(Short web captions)
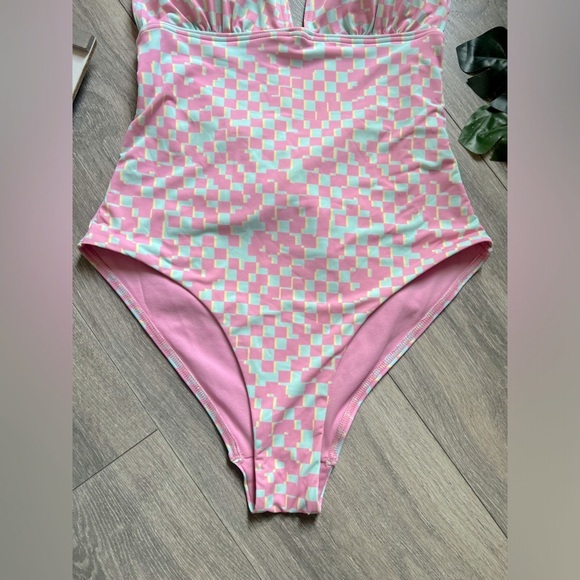 Vero moda VIP one piece swimsuit with scrunch ties. Size S. NWOT! - Picture 4 of 10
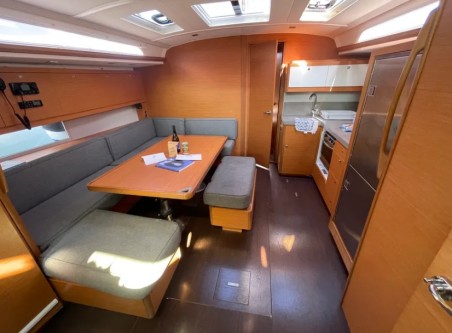Dufour 470 | Yacht Charter Greece | Travelboat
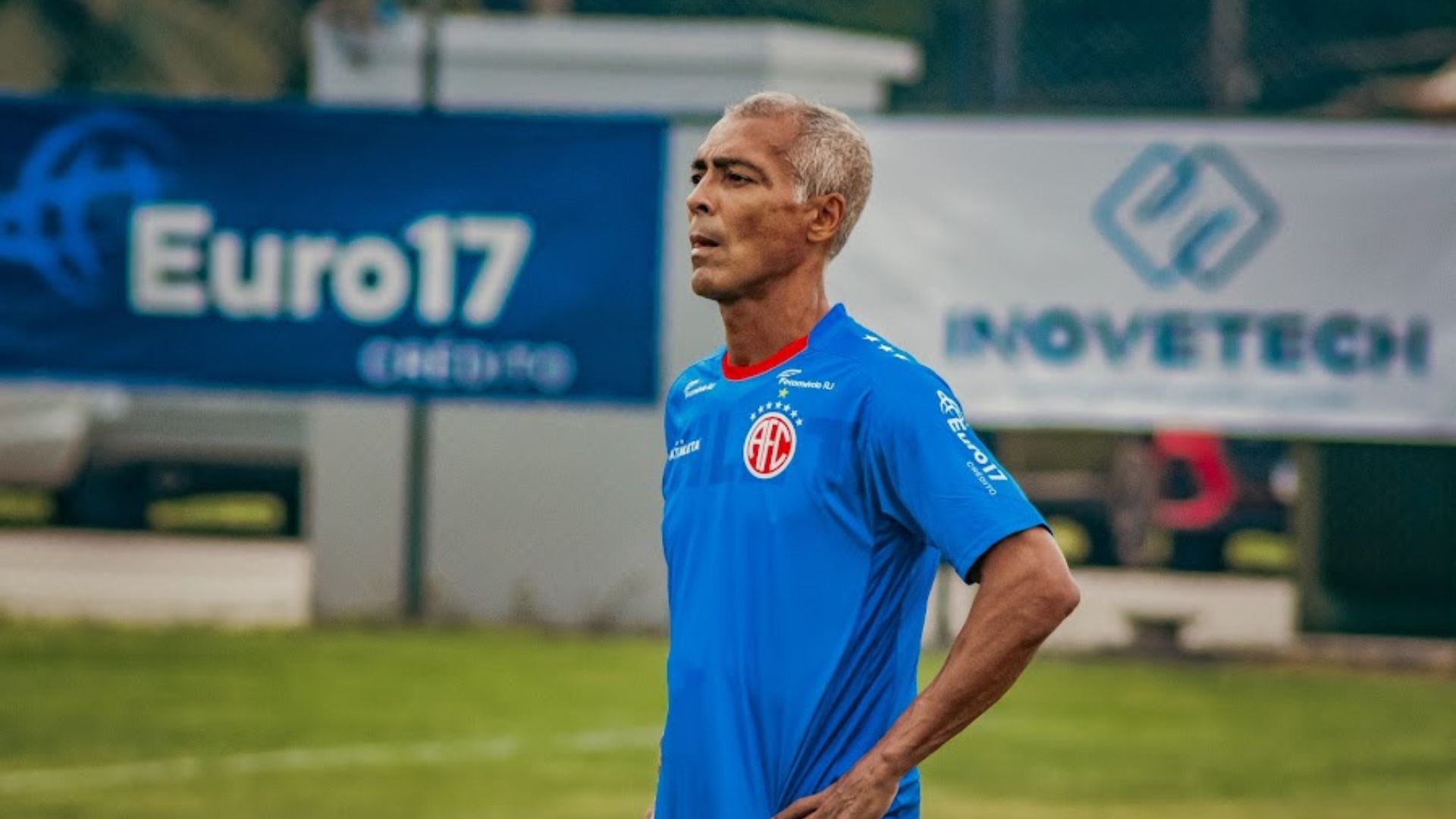 Romário em treino do America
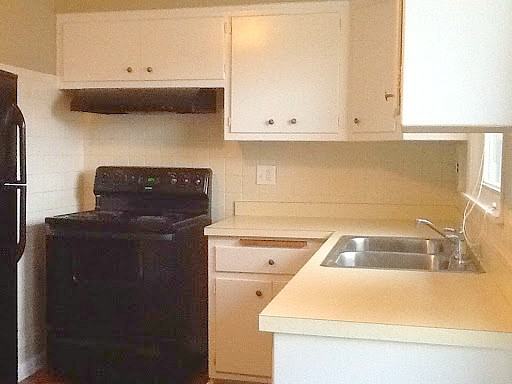 357 Hickory St - Photo 2 of 10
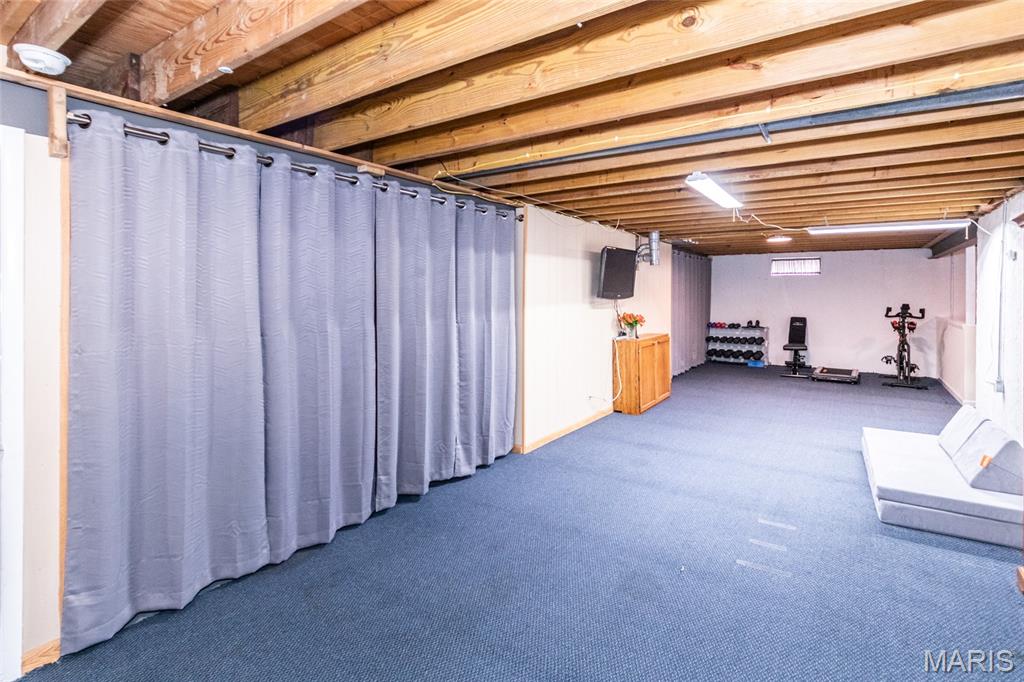 New England Town 8 - Residential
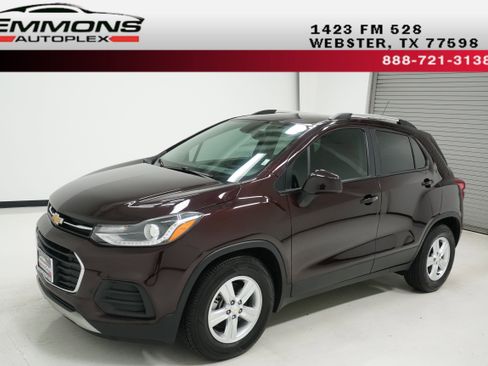 Used 2022 Chevrolet Trax LT w/ LPO, Cargo Package image 1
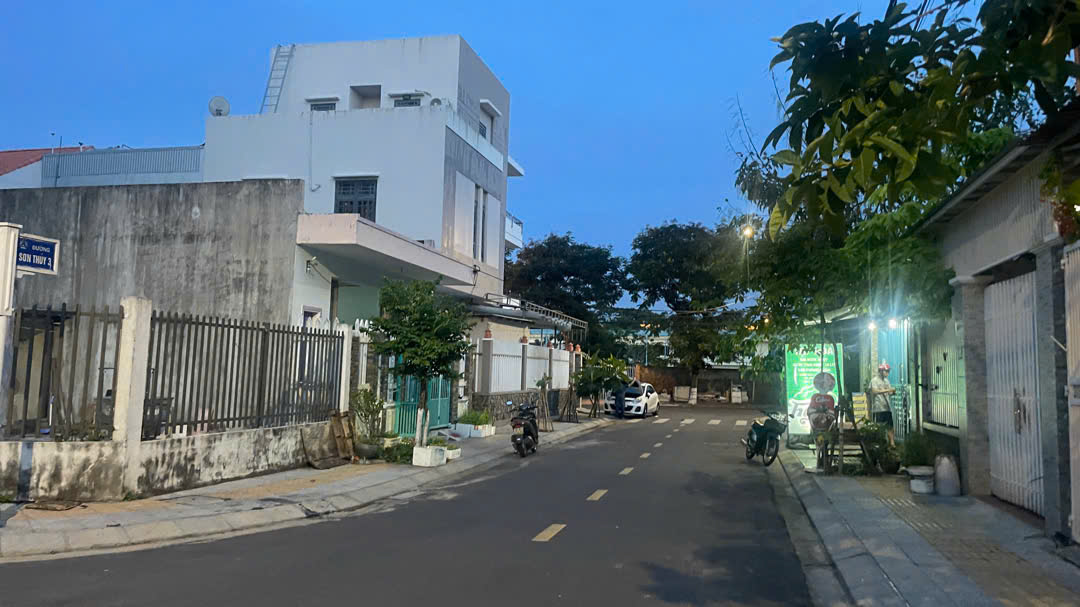 🏡 [SIÊU PHẨM] NHÀ 3 TẦNG ĐƯỜNG SƠN THỦY 3 - CÁCH VÕ NGUYỄN GIÁP 10 PHÚT, AN NINH TUYỆT ĐỐI - CHỈ - Ảnh chính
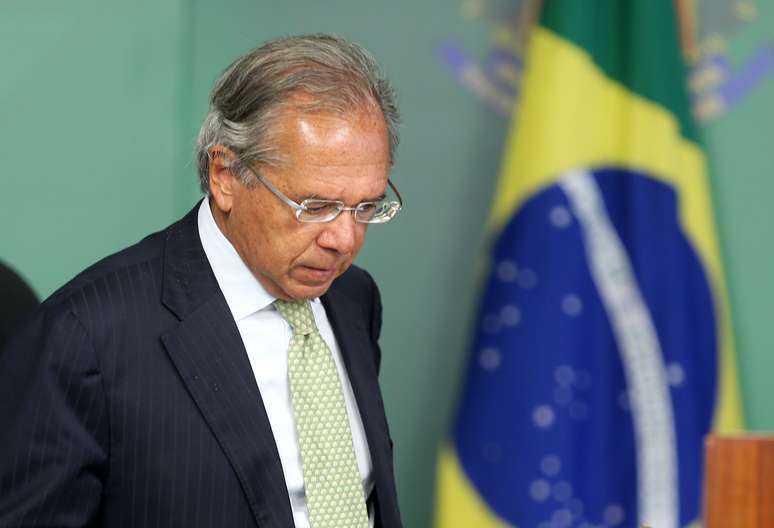 O ministro da Economia, Paulo Guedes, durante cerimônia de assinatura de decreto presidencial para a flexibilização de compra de arma de fogo e munição
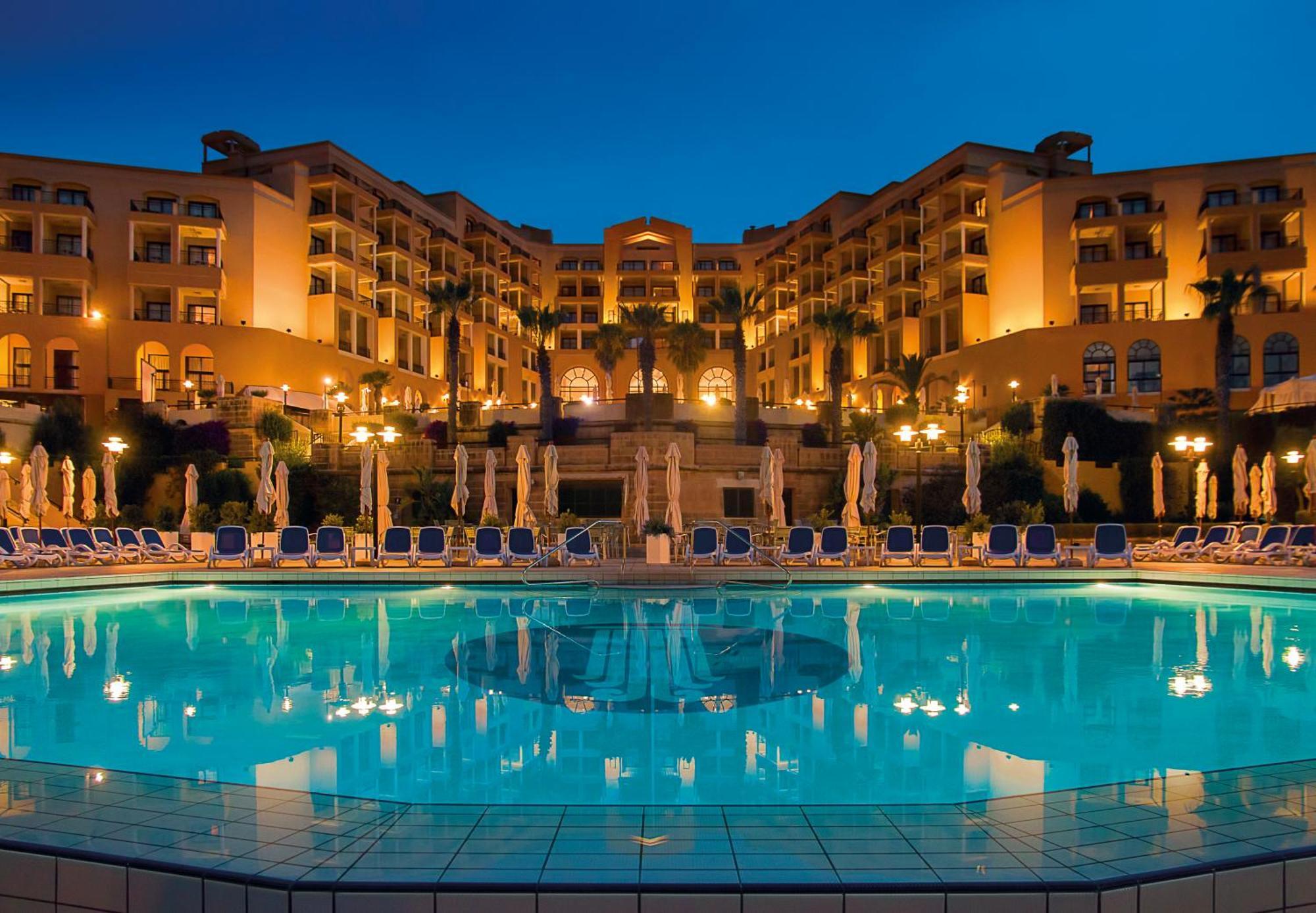 Hotell Corinthia St George's Bay St. Julian's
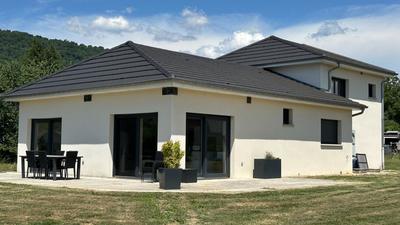 Maison - 135 m² - 6 pièces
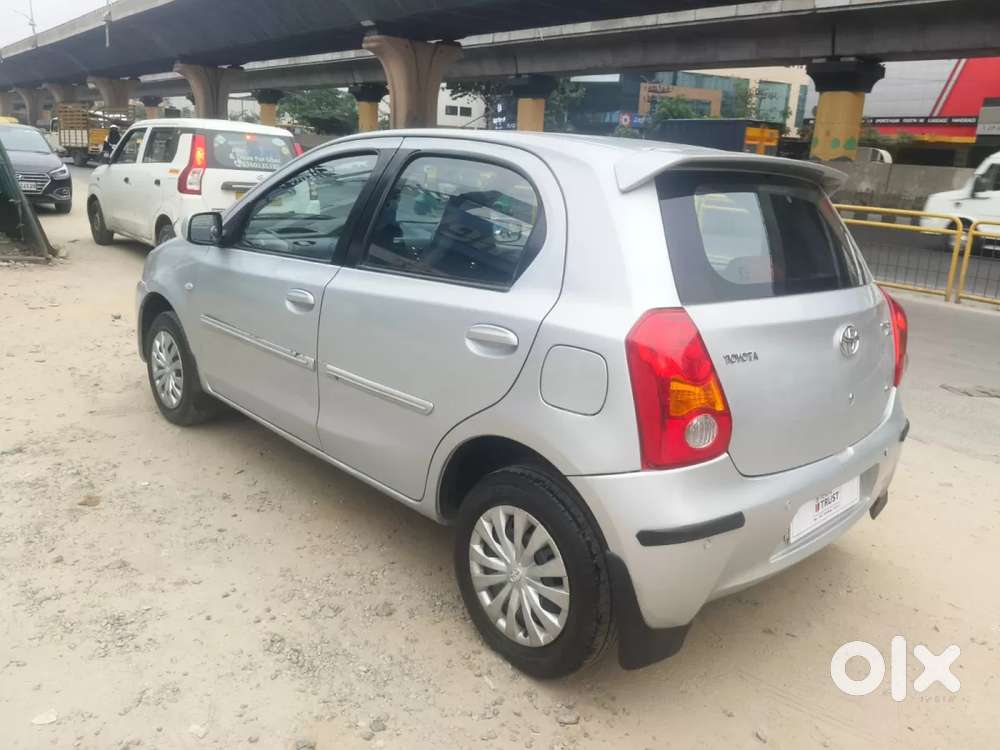 Toyota Etios Liva 1.2 G, 2012, Petrol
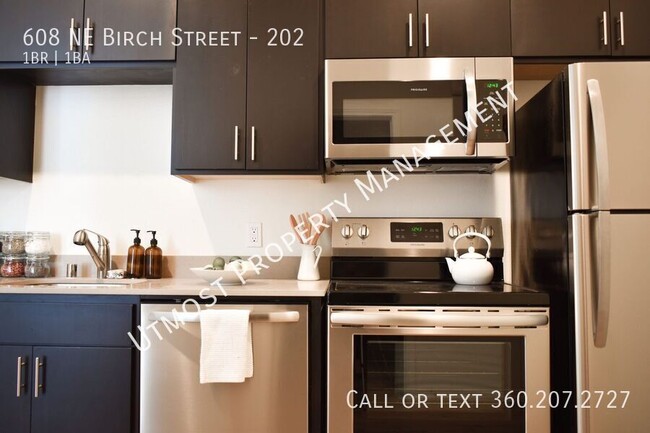Foto del edificio - Modern, One Bedroom, One Bathroom Apartmen...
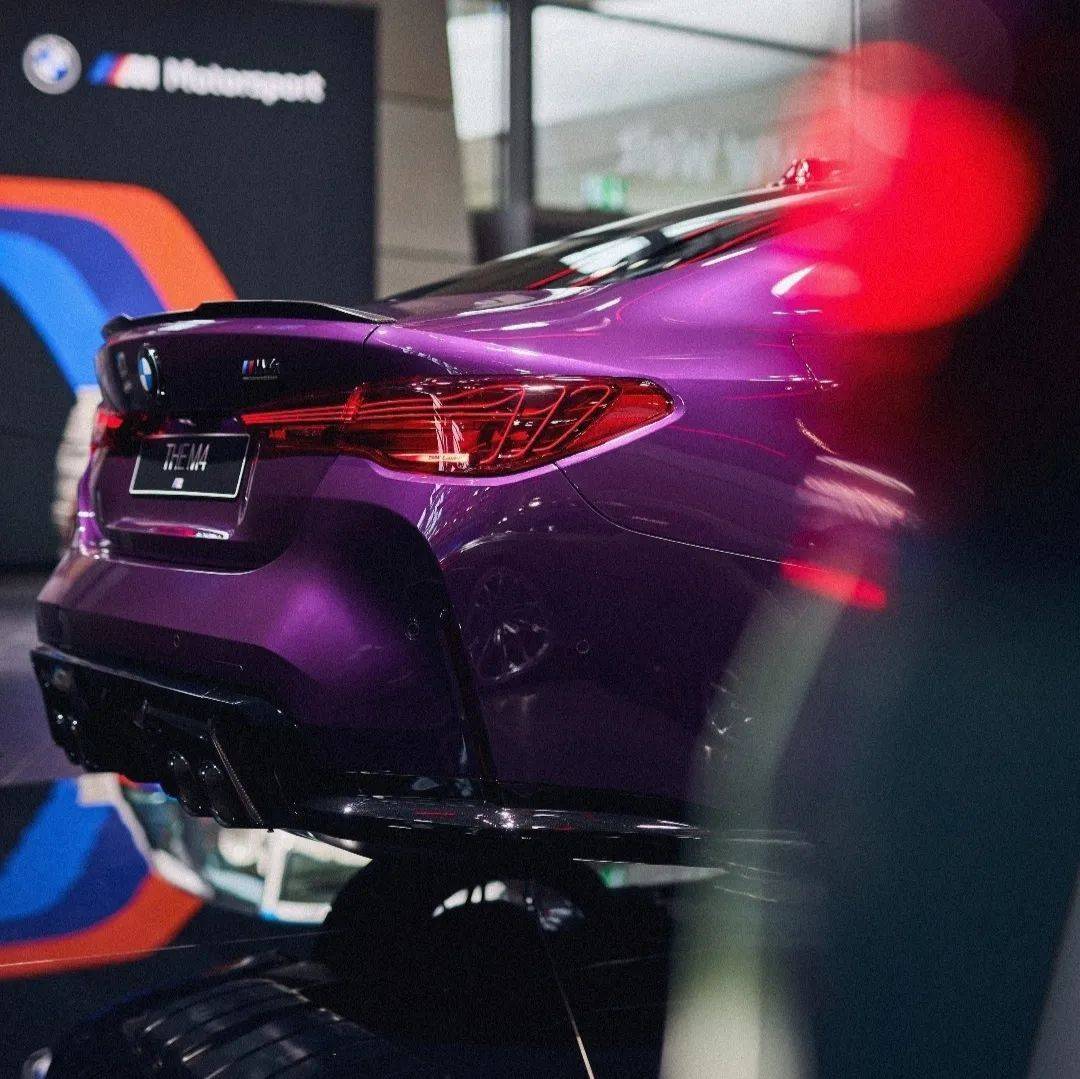 实拍暮光紫新宝马m4,非凡气质让芳心瞬间俘获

§ **TASK TO CARRY OUT**: Start with the first line of the records above and end with the line containing "Used 2022 Chevrolet". Output those lines exactly, pictures excluded.

§ **FINAL ANSWER**:
 Vero moda VIP one piece swimsuit with scrunch ties. Size S. NWOT! - Picture 4 of 10
Dufour 470 | Yacht Charter Greece | Travelboat
 Romário em treino do America
 357 Hickory St - Photo 2 of 10
 New England Town 8 - Residential
 Used 2022 Chevrolet Trax LT w/ LPO, Cargo Package image 1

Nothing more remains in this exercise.